Tesla was recently granted permission to test FSD on Chinese streets – specifically in Shanghai. Just recently, Elon Musk visited China and discussed the potential for FSD to come to China.
This is just the first step for Tesla to begin its customer deployments of FSD – Tesla conducts similar ADAS testing in North America, where special testing vehicles and testing employees run the latest FSD (Supervised) versions against a gamut of real-world, real-life tests.
Tesla has recently been working on translating FSD release notes into multiple languages, alongside building a data center in Shanghai and establishing an FSD Operations and Labelling team at the same center. These are the first, key steps to bringing FSD to a new market that has unique and different traffic rules when compared North America.
China doesn’t have the regulatory hurdles or challenges that Tesla faces in Europe to bring FSD and has been working with Chinese corporations as well as the government, which has now provided its official approval for FSD testing in-country.

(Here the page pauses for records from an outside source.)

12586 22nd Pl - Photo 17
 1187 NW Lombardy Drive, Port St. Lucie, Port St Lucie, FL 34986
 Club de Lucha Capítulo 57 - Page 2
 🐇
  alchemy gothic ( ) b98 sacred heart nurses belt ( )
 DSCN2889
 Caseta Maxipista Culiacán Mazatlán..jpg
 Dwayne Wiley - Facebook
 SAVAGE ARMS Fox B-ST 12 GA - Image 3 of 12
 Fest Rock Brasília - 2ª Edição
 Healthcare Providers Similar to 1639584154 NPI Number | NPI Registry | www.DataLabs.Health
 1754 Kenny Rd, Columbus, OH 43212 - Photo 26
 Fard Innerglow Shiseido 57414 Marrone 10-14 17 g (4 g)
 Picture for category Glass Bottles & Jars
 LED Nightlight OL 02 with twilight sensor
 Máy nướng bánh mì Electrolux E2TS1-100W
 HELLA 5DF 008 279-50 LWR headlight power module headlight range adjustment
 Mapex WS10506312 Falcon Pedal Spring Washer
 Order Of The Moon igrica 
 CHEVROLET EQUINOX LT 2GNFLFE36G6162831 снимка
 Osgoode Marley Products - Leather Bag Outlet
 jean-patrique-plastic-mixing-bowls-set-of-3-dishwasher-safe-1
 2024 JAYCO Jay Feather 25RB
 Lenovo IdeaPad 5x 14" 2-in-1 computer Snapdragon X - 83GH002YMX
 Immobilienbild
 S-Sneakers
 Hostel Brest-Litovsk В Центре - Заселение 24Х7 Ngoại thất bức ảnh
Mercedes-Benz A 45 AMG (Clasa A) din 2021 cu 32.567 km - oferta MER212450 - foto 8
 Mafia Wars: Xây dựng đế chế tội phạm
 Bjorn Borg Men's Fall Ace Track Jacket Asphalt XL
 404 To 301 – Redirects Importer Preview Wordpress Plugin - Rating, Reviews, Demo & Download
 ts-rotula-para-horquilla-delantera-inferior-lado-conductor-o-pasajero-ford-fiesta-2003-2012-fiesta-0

We might even see FSD deployed to early testing customers in China by the end of 2025.
ADAS Competitors
There are quite a few competitors in the Chinese market already- with challengers like Xpeng and Xiaomi working on building their own homegrown systems, mostly driven by a mixture of cameras, radars, ultrasonic sensors, and LIDAR. However, many of these systems face similar challenges to other non-Chinese competitors and don’t have the mileage under their belts to tackle Tesla’s dominating lead in data and data processing.
European Union
Tesla is poising itself for an FSD rollout internationally, with increased testing also taking place in the UK, France, and Spain – some of the key locations with unique infrastructure in the European Union. However, some EU-specific regulations restrict how FSD can perform – each and every action must be manually approved by the driver. Until that regulation is changed to adapt to systems like FSD, it won’t be making its way there just yet.